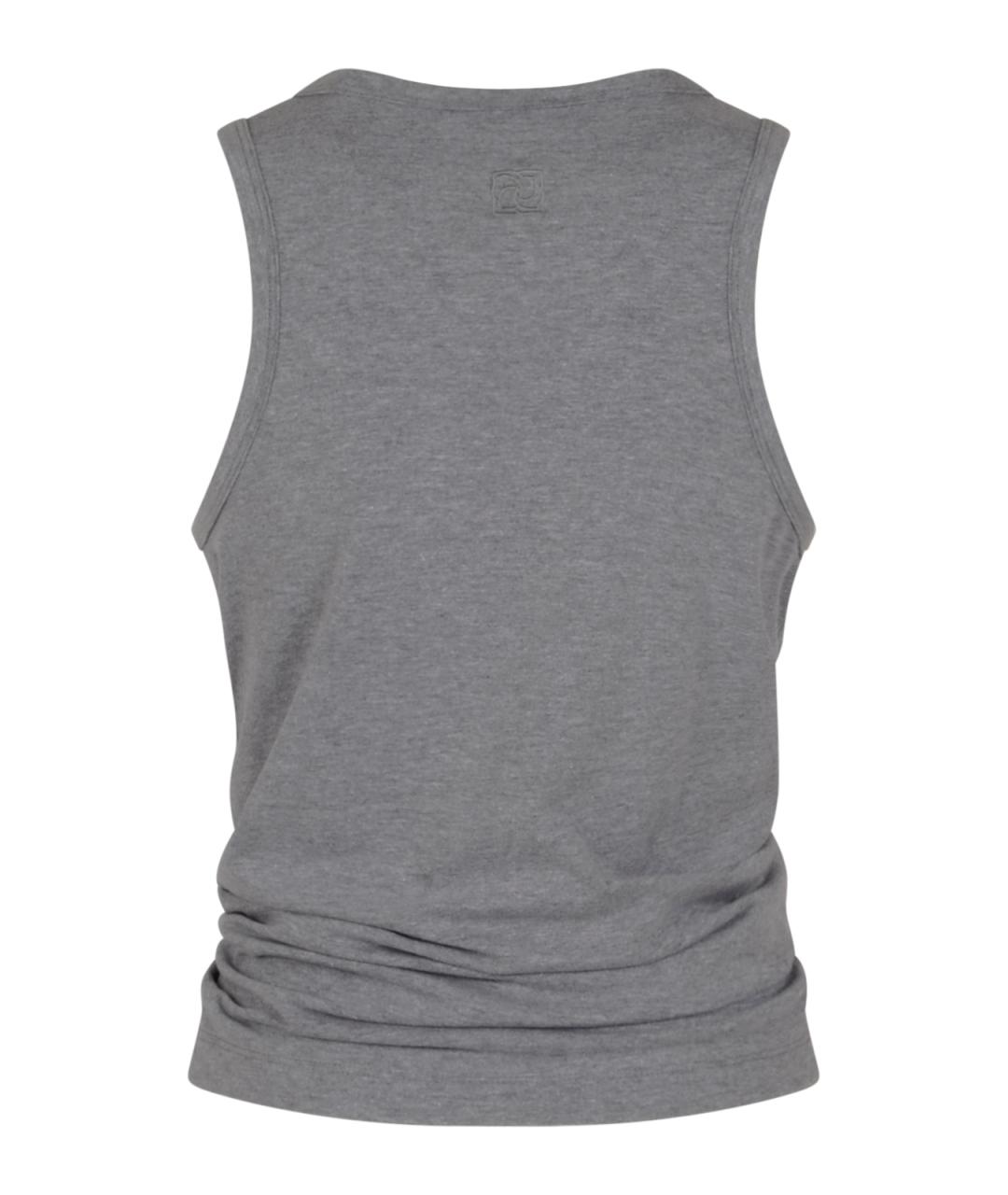 MAGDA BUTRYM Серая хлопковая майка, фото 2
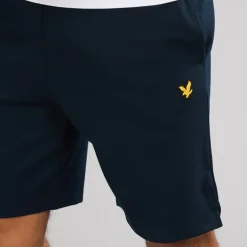 Lyle And Scott Vintage Herren Fleece Shorts Z271 Dark Navy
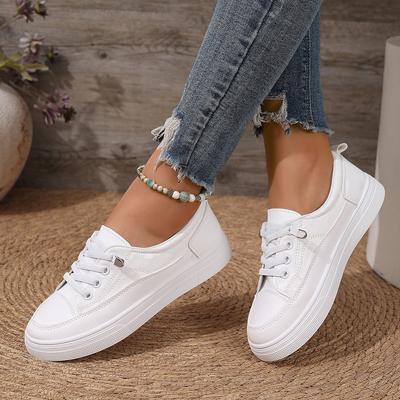 Modne Damskie Sneakersy Wiosna Lato Moda Oddychające Sneakersy Damskie Okrągły Nosek Płytkie Mokasyny Casual Wygodne Płaskie Buty Damskie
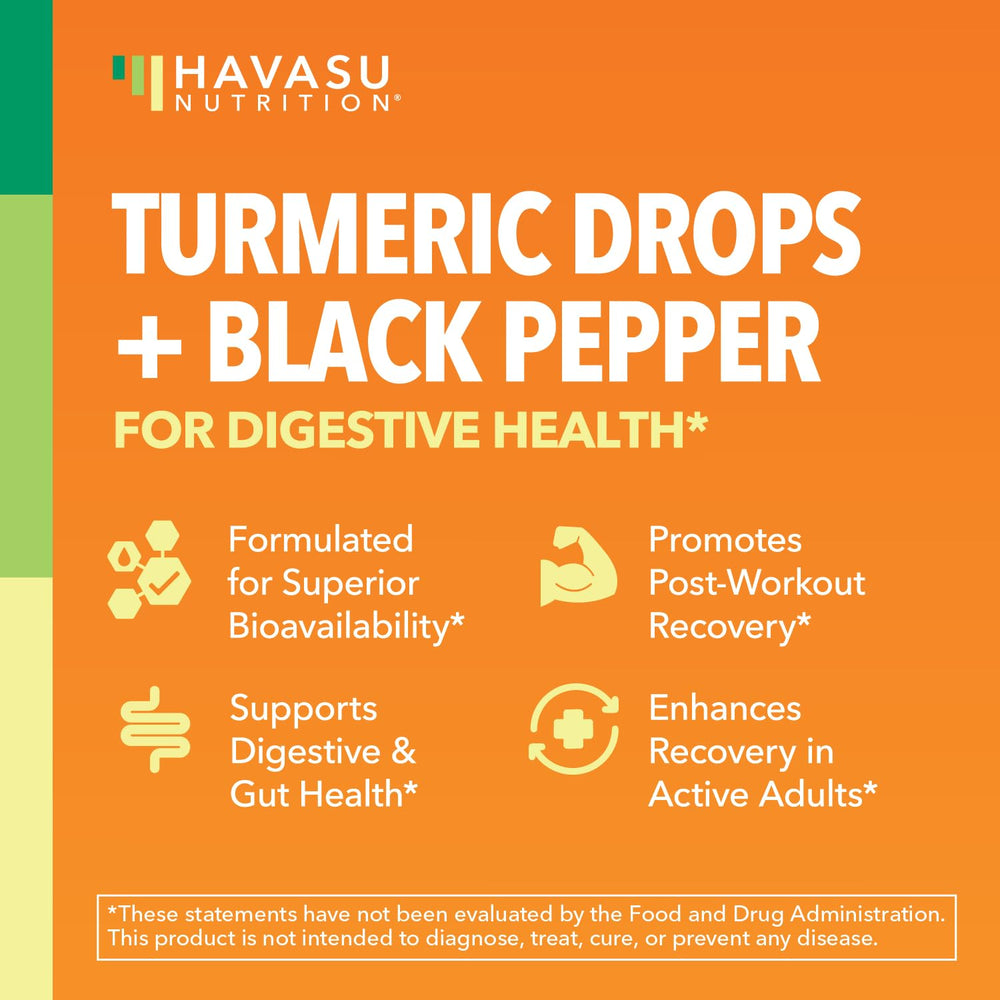 HAVASU NUTRITION etiqueta detallada con información de curcumina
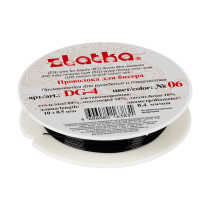 " Gamma" Проволока для бисера металл DG- 4 d 0. 4 мм 10 м №06 черный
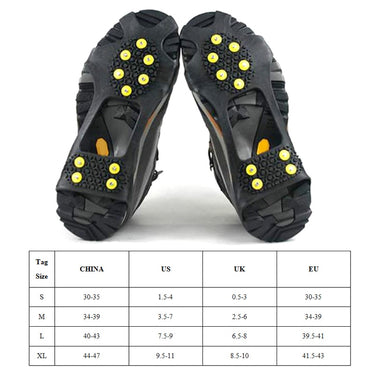1Pair 10 Studs Anti-Skid Snow Ice Gripper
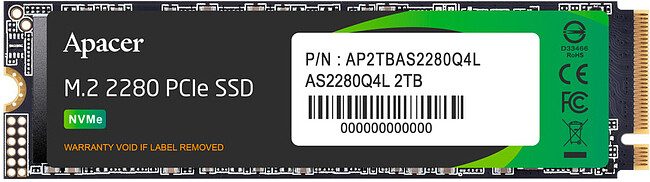 SSD диск Apacer 2TB AS2280Q4X (AP2TBAS2280Q4X-1) SSD диск Apacer 2TB AS2280Q4X (AP2TBAS2280Q4X-1)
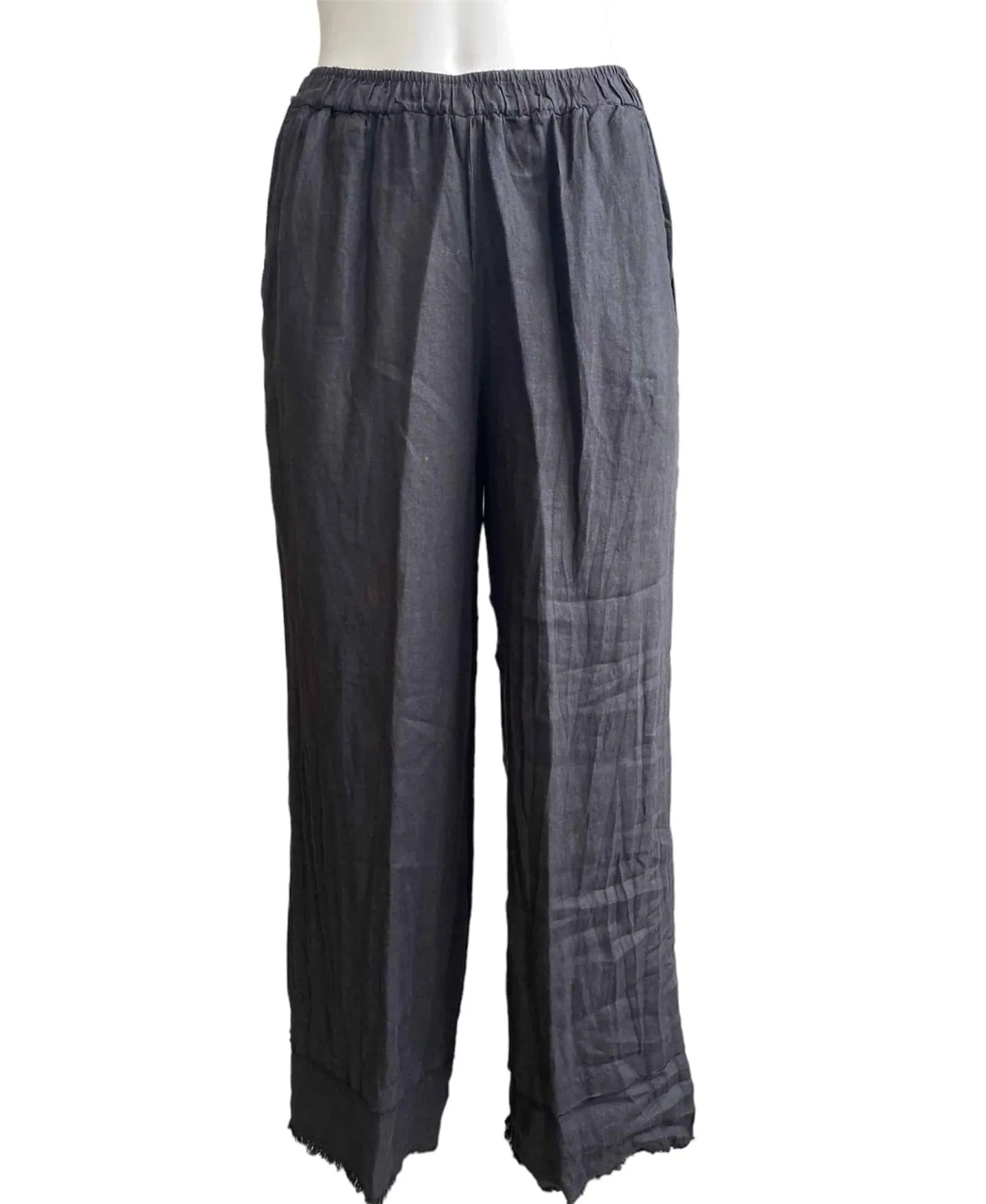 CLEARANCE Linen Black Pants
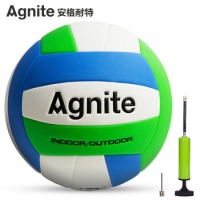 安格耐特（Agnite）F1252 5号PU软式贴皮排球 室内外通用教学比赛训练排球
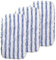 Lot de 3 serpillères en microfibre pour balai plat - Recharges pour balai à franges B07B9VXXGR Masthome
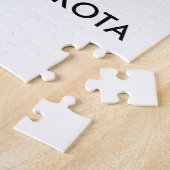  BEHOUD KALM EN VERLIES ZUID-DAKOTA LEGPUZZEL (Zijkant)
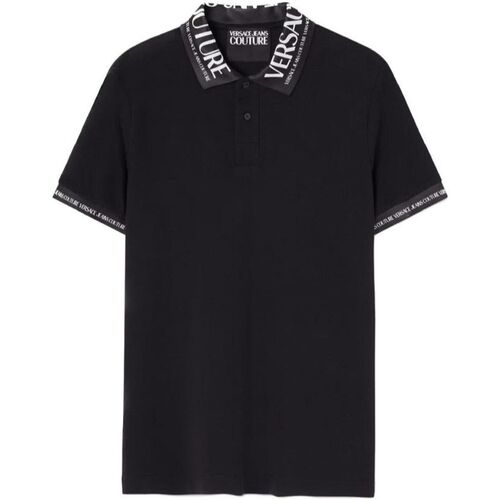 Abbigliamento Uomo T-shirt & Polo Versace Jeans Couture 74GAGT02CG01T899 Nero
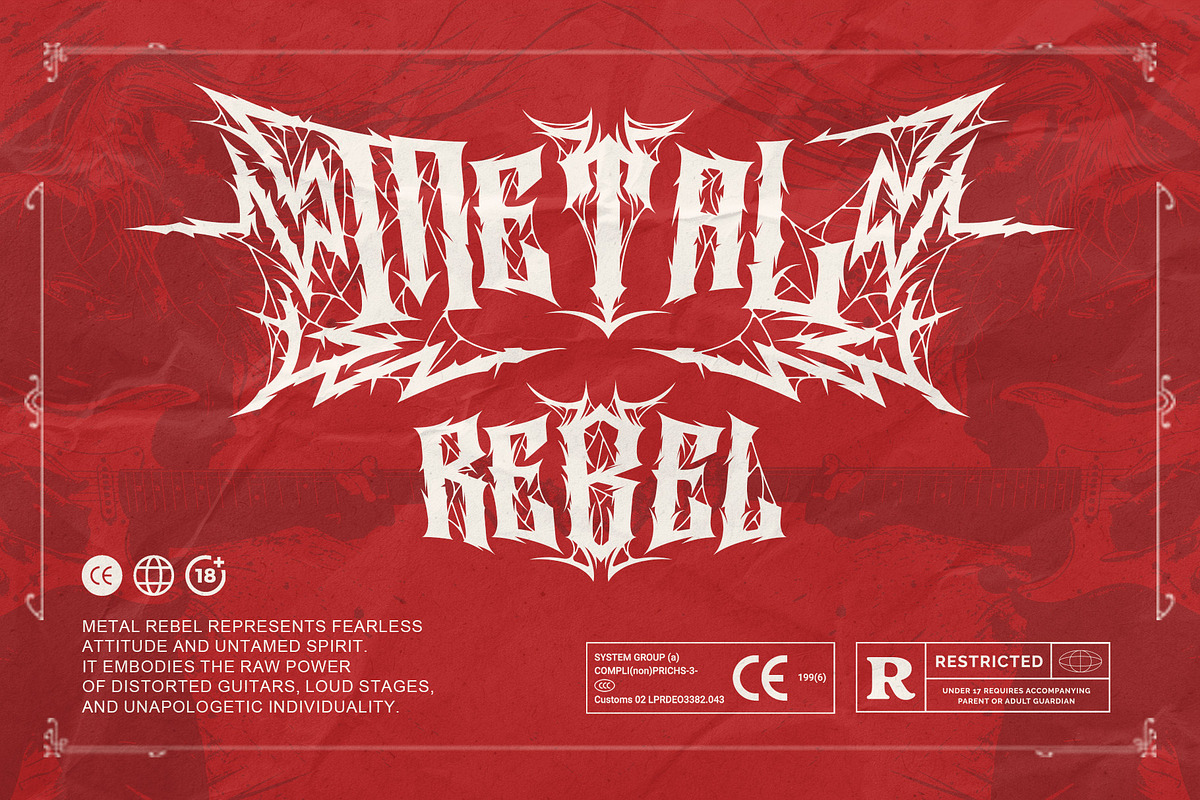 Ravok – Heavy Metal Blackletter Font, a Blackletter Font by Letterara (Photo 2 of 15)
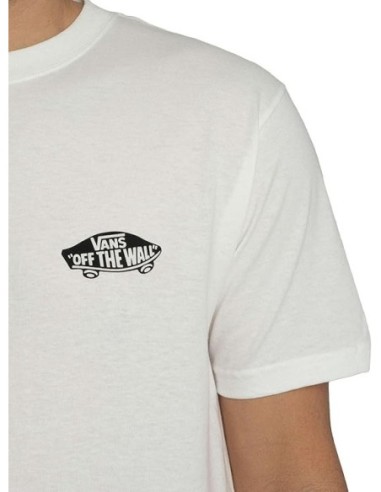 Vans t-shirt homme blanc imprimé coton | ChoixMode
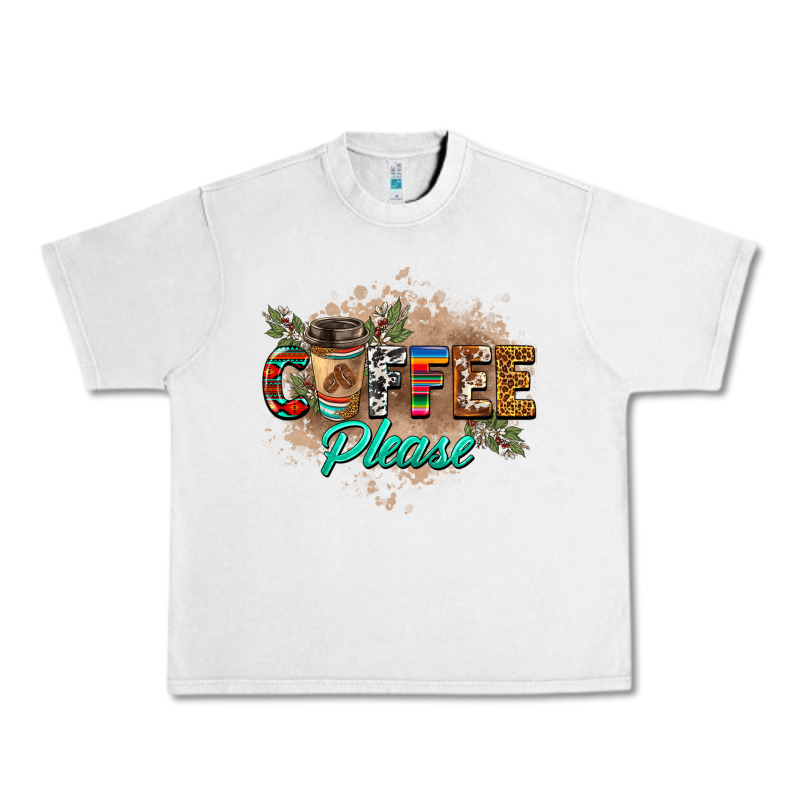 Coffee Please Urban Heavy Tee by BarkalooDesign | Teevron
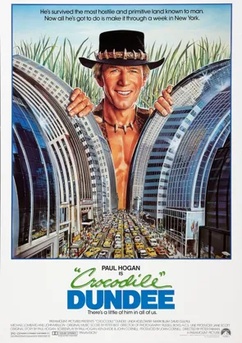 Poster Crocodilo Dundee 1986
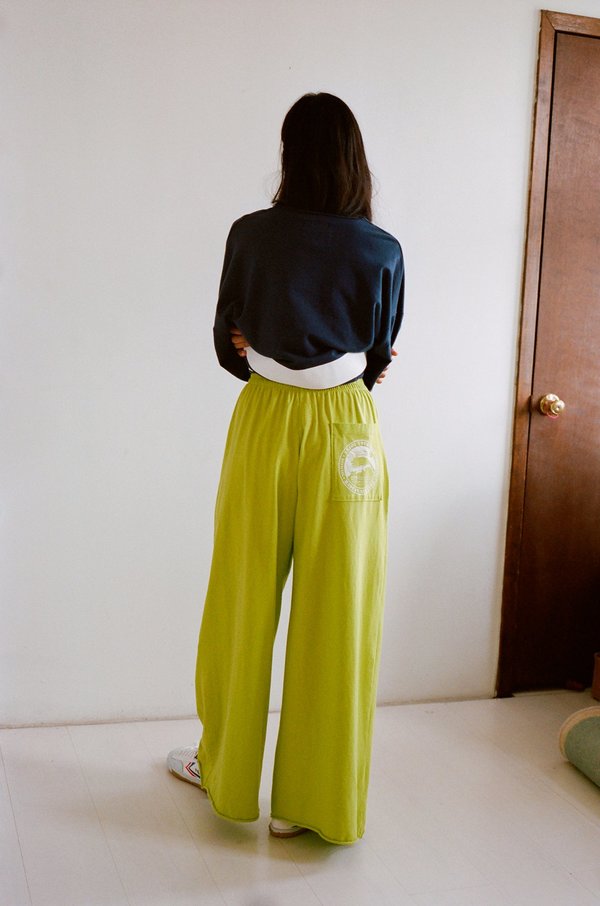 OffSeasonNYC Omiyage Lounge Pant - Citron Knit Jersey OffSeasonNYC Omiyage Lounge Pant - Citron Knit Jersey
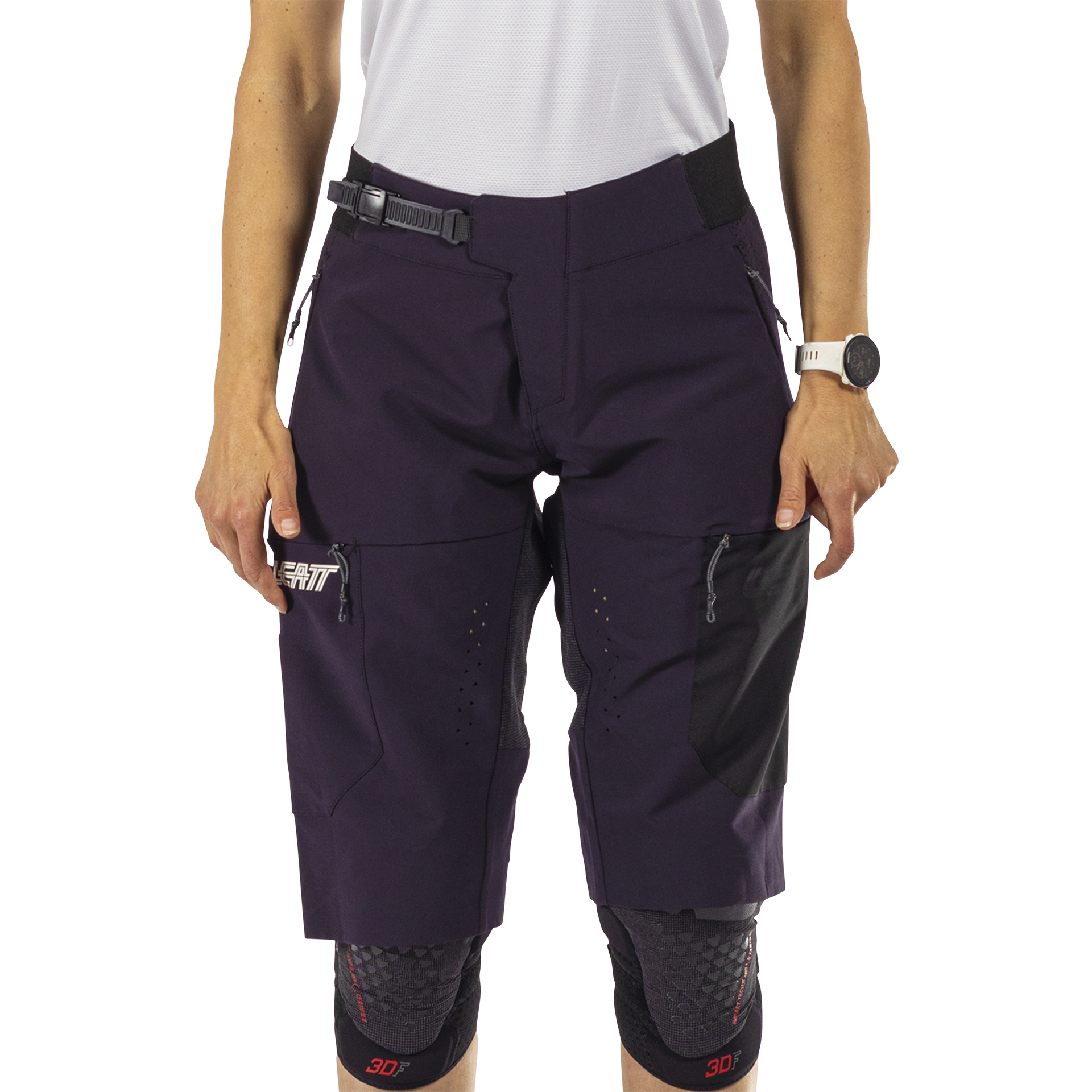 Pantaloncini MTB corti Enduro 3.0 confortevoli e resistenti da donna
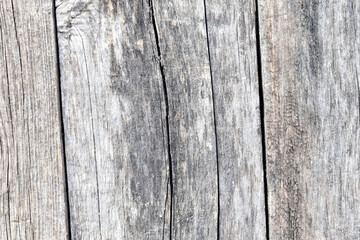 Old wooden boards and their surface close-up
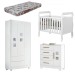 Quarto de Bebê Completo Mila 100% Mdf 4 Portas 6 Gavetas Branco 5299 - Tigus Baby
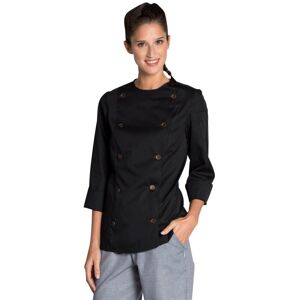 DYNEKE Veste noire de cuisine Dolce design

▬▬▬▬▬▬▬▬▬▬

[TASK TO CARRY OUT]: Pictures excluded, transcribe the listing above exactly from the line with "м №06 черный" through the line with "Quarto de Bebê", and no further.

[EXERCISE OUTPUT]:
 " Gamma" Проволока для бисера металл DG- 4 d 0. 4 мм 10 м №06 черный
1Pair 10 Studs Anti-Skid Snow Ice Gripper
 SSD диск Apacer 2TB AS2280Q4X (AP2TBAS2280Q4X-1) SSD диск Apacer 2TB AS2280Q4X (AP2TBAS2280Q4X-1)
 CLEARANCE Linen Black Pants
 安格耐特（Agnite）F1252 5号PU软式贴皮排球 室内外通用教学比赛训练排球
 Lot de 3 serpillères en microfibre pour balai plat - Recharges pour balai à franges B07B9VXXGR Masthome
  BEHOUD KALM EN VERLIES ZUID-DAKOTA LEGPUZZEL (Zijkant)
 Abbigliamento Uomo T-shirt & Polo Versace Jeans Couture 74GAGT02CG01T899 Nero
 Ravok – Heavy Metal Blackletter Font, a Blackletter Font by Letterara (Photo 2 of 15)
 Vans t-shirt homme blanc imprimé coton | ChoixMode
 Coffee Please Urban Heavy Tee by BarkalooDesign | Teevron
 Poster Crocodilo Dundee 1986
 OffSeasonNYC Omiyage Lounge Pant - Citron Knit Jersey OffSeasonNYC Omiyage Lounge Pant - Citron Knit Jersey
 Pantaloncini MTB corti Enduro 3.0 confortevoli e resistenti da donna
 Old wooden boards and their surface close-up
 Quarto de Bebê Completo Mila 100% Mdf 4 Portas 6 Gavetas Branco 5299 - Tigus Baby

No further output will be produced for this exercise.